Around that day, the larger time also spoke in my private Tarot de Marseille language:

  • The month was 12. It carried XII – Le Pendu, the Hanged Man, whom I associate with Orpheus. Inversion: the world turned upside down so it can be seen from the other side. Orpheus does not descend with weapons; he descends with song.
  • The year reduces to 9, VIIII – L’Hermite, the Hermit, whom I link to Chronos, time itself. The Hermit carries a lantern. He does not rush. He witnesses.
  • Under that slow witnessing, as we were in a year marked by 25, two plus five equals seven, I felt the undertone of VII – Le Chariot, Apollo, the sun god: direction, clarity, forward motion even when the road is dark.

Justice. The Hanged Man. The Hermit. The Chariot.

Measure. Inversion. Time. Direction.

A grammar for grief.


The mirrored day: 8 – 1 – 8

Then came 2026-01-26, a month after his passing. This was one of those dates that looks back at you.

It begins and ends with 26, like a bracket. Two identical pillars holding the day between them.

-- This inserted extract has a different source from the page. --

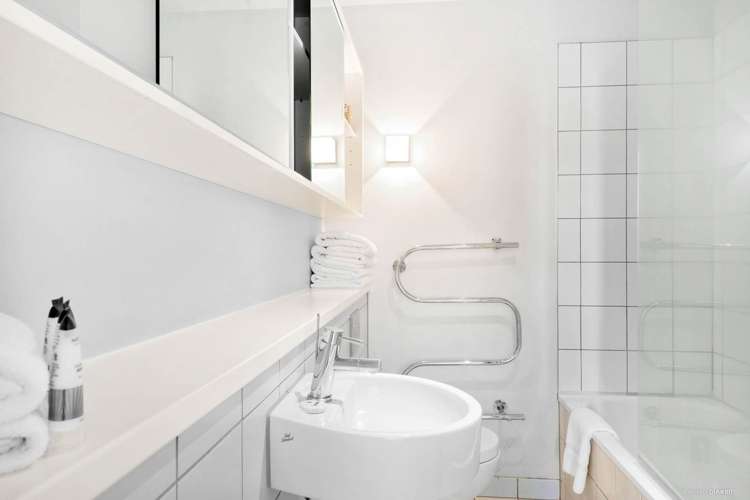 32h/16 Gore Street Auckland Central_6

In the Tarot de Marseille arithmetic, 26 reduces to 8, and 8 is Justice again. The middle of the date is 01, and 1 is the Magician: the figure at the table, tools laid out, making something real with intention.

So the day reads:

8-1- 8
Justice, Magician, Justice

Measure. Act. Measure.

Themis mirrored through the Magician.

The whole year 2026 reduces to 10, the Wheel of Fortune, which I associate with the Moirai, the Fates, the weavers of portions. The turning of shares. The great wheel that moves whether we consent or not.

So I stood in a Wheel year, on a day framed by Justice, and performed an act of will:

A song written.
Ash scattered.
A portion returned to the sea.

Cycle, measure, will, measure.

Not proof. Resonance.


Islands: the old language of thresholds

If you want to understand why Saint Martin mattered, you must remember what islands are in myth.

Islands are never just geography. They are liminal spaces, places where rules thin, where gods step closer, where a person can become someone else because the mainland’s gravity loosens.

In the old stories, islands are where transformations happen:

  • Delos, the floating island that becomes anchored so Leto can finally give birth, because no mainland would receive her. A wandering, rejected mother finds refuge on a piece of earth that itself was once homeless. The island becomes a cradle. A sanctuary. A place that makes room for what the world would not hold. This is the island where Artemis, whom I associate with XI, La Force, and whom my father’s birth number carries as well, is born alongside Apollo. Moon and sun together, twin lights arriving on the same shore.
  • Aiaia, where Circe bends men into animal shapes. Not as punishment, but as revelation: showing the form their hungers already carry.
  • Ogygia, Calypso’s island, where time can stall in sweetness until a person remembers they were meant to continue.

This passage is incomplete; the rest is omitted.